Changes in navigational pattern with each drug condition.

(A) Sample trajectories in each drug condition. Black arrowheads indicate the start direction and the gray line shows the trajectory for each trial. (B) Mean high-value zone visit percentage for each drug condition. Gray, green, and orange each indicate PBS, dMUS, and iMUS sessions, respectively. (C) Average running speed. (D) Number of perimeter crossings. For the PBS session, dPBS and iPBS sessions were first tested for significant differences between sessions; if they were not different, they were averaged to one PBS session for analysis purposes. *p < 0.05.

dHP and iHP inactivation differentially affect efficient goal-directed navigation.

(A) Grouped comparison of DD in each drug condition. (i) Distributions of DDs in each drug condition (rose plots) and a comparison of their mean directions.

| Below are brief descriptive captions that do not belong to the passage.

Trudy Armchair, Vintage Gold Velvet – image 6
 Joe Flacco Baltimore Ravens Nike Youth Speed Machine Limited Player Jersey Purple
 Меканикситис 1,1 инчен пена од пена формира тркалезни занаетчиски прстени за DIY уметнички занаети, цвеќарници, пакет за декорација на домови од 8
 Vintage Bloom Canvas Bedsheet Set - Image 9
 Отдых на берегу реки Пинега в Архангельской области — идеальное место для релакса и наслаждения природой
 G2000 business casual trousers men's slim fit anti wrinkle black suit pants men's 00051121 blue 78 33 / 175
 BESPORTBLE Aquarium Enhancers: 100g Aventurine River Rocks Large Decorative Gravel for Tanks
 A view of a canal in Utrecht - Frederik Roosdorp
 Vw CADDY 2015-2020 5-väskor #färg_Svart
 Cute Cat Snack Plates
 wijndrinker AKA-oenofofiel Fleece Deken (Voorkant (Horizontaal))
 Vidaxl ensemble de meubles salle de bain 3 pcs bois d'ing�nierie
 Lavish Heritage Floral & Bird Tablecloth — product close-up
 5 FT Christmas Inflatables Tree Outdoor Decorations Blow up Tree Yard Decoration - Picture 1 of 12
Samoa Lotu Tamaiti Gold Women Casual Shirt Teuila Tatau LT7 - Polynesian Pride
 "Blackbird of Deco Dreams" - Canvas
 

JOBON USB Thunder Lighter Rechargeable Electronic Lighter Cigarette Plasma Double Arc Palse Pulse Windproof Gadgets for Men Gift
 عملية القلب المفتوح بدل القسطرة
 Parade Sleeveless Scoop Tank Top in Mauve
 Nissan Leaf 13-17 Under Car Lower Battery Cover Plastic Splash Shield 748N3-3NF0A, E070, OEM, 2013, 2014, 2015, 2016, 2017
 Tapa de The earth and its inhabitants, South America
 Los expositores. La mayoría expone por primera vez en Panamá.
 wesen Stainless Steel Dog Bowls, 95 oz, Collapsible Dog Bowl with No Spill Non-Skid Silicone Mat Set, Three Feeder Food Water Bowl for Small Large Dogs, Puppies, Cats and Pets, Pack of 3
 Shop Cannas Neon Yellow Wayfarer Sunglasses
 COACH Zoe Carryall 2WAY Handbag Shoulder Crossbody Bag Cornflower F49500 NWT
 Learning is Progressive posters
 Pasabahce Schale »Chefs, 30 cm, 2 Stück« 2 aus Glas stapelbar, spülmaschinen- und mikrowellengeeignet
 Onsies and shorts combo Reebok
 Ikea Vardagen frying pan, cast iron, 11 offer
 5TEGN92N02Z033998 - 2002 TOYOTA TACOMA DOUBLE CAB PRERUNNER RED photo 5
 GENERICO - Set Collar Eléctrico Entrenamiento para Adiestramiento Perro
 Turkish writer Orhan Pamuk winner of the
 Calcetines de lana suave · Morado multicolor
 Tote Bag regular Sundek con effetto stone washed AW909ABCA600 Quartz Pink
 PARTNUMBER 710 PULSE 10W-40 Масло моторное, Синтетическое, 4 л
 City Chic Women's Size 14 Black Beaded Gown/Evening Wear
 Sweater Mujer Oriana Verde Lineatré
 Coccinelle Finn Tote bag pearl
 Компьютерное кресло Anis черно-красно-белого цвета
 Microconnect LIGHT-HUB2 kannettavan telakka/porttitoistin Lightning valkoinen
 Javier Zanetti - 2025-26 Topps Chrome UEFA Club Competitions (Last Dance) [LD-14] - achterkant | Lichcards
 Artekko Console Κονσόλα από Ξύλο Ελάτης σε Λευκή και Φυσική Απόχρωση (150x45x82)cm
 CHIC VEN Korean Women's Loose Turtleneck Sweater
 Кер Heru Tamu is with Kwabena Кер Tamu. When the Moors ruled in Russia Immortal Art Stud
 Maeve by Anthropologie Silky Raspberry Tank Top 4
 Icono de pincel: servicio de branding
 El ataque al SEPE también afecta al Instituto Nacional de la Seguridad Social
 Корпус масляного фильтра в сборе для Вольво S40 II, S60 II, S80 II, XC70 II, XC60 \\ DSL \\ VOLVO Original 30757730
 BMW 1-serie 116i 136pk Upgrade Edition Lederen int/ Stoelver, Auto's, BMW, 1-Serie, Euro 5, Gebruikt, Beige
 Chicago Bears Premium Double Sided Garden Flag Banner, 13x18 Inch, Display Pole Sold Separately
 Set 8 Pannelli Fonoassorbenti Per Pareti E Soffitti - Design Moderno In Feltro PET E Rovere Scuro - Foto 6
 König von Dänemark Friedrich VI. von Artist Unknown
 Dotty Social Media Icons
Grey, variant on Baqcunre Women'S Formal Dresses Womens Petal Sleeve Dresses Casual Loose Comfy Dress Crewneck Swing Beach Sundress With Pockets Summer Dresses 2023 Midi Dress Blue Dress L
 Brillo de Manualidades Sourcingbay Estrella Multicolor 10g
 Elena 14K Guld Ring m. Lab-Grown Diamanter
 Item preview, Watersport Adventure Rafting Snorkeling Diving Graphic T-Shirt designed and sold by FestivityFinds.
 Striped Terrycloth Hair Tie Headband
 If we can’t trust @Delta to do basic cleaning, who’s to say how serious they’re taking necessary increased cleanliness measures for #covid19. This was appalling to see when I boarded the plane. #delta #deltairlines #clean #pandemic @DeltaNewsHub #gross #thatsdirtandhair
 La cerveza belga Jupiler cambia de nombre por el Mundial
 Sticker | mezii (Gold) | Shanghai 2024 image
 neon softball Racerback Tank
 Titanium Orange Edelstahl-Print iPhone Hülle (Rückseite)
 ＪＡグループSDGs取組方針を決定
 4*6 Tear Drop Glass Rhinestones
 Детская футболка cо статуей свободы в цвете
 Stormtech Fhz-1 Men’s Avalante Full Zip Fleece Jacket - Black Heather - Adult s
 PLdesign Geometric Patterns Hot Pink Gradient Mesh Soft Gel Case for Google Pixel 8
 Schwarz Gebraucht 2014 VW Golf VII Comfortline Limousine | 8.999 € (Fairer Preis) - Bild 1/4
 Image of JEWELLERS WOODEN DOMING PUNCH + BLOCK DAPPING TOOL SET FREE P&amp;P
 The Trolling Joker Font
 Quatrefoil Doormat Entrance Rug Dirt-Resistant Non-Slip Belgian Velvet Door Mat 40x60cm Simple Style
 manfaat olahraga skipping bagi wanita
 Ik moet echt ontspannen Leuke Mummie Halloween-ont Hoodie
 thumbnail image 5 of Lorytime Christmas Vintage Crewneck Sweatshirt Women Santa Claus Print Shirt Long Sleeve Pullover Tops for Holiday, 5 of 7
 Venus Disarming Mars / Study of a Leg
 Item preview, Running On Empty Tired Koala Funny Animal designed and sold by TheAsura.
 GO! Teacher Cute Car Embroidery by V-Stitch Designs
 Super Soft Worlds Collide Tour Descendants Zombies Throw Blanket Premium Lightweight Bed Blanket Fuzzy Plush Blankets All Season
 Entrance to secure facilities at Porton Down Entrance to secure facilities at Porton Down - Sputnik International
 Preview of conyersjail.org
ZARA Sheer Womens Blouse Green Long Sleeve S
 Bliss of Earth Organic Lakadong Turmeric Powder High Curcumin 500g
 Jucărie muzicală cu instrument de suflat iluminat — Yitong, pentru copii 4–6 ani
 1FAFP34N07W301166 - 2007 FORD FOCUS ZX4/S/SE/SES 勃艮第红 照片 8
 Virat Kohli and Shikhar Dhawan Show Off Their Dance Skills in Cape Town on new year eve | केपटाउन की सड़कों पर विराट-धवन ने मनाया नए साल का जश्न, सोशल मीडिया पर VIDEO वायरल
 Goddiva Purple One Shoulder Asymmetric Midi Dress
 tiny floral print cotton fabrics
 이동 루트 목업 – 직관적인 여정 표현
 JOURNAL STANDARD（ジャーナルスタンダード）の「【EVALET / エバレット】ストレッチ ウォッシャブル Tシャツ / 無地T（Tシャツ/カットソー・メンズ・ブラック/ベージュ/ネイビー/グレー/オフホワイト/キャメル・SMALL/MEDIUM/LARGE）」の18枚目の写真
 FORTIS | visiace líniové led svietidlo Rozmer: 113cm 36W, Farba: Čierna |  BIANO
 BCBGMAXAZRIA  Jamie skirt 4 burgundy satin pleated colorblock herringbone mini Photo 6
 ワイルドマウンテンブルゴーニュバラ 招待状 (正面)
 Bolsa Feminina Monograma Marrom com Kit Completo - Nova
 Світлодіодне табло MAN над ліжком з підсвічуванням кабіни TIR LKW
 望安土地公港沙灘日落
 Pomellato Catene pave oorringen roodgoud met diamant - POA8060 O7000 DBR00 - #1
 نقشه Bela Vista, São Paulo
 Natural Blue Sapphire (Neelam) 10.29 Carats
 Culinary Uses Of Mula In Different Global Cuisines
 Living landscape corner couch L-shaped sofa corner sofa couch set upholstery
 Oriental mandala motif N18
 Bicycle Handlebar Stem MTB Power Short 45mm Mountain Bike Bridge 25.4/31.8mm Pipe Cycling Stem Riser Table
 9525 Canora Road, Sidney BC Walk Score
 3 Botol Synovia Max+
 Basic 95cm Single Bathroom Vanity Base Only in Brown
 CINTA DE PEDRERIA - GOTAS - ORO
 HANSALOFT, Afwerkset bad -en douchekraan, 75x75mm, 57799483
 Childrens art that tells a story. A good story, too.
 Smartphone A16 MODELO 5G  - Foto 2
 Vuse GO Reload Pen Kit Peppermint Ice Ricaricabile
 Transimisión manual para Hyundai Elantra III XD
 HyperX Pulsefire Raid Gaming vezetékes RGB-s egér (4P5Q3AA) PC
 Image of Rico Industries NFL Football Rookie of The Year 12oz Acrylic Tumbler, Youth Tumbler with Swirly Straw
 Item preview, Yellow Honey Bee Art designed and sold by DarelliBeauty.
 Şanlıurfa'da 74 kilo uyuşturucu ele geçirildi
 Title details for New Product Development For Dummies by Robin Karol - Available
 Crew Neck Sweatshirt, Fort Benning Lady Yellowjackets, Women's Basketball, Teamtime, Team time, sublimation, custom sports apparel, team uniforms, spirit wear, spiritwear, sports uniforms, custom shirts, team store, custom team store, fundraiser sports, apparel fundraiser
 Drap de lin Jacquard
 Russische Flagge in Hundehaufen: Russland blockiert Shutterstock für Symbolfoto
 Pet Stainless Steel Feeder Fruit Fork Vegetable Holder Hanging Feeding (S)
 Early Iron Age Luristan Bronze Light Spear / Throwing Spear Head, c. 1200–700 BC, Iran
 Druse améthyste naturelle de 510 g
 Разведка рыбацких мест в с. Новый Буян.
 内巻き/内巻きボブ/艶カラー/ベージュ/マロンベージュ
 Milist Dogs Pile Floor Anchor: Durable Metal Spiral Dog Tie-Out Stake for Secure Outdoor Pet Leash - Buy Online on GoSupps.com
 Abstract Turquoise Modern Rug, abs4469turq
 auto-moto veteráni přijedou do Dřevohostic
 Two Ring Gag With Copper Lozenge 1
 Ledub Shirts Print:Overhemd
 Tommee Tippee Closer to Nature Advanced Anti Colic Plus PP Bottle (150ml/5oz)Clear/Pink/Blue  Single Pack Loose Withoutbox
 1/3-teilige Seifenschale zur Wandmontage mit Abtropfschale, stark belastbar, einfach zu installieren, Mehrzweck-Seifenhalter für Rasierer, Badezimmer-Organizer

Gray plots, PBS sessions; green plots, dHP inactivation; orange plots, iHP inactivation. Red and blue arcs indicate high- and low-value zones, respectively. Statistically significant differences in mean vectors, illustrated as arrows, are indicated with asterisks. The mean directions of all four conditions were first compared together (Watson-Williams test); a post hoc pairwise comparison was subsequently applied if the average mean vector length of the two sessions was greater than 0.45. The number on the upper right side of the plot shows the length of the mean vector. (B, C) Changes in mean vector length (B) and deviation angles from the high-value zone center (C) of the DD in each drug session. *p < 0.05, **p < 0.01, ***p < 0.001.

Accuracy of goal-directed navigation is more severely impaired with iHP inactivation.

(A-C) Same as Figure 6, except showing PCD. *p < 0.05, **p < 0.01, ***p < 0.001.

Goal-directedness and navigational capacity are unaffected by drug infusion.

(A) Object-guided navigation task as a probe test. (i) A flickering object appeared on either the left (‘Left trial’) or right (‘Right trial’) side of the screen. The start location is marked with a yellow dot, with a white arrow indicating the start direction, which remained the same for both trial types. (ii) Example of trajectories in one session. Blue and red lines represent trajectories from left and right trials that directly arrived at the reward zones, whereas gray lines indicate failed trials. Green dashed lines denote reward zones. (B) Comparison of the proportion of each drug condition’s direct hit trials (both left and right).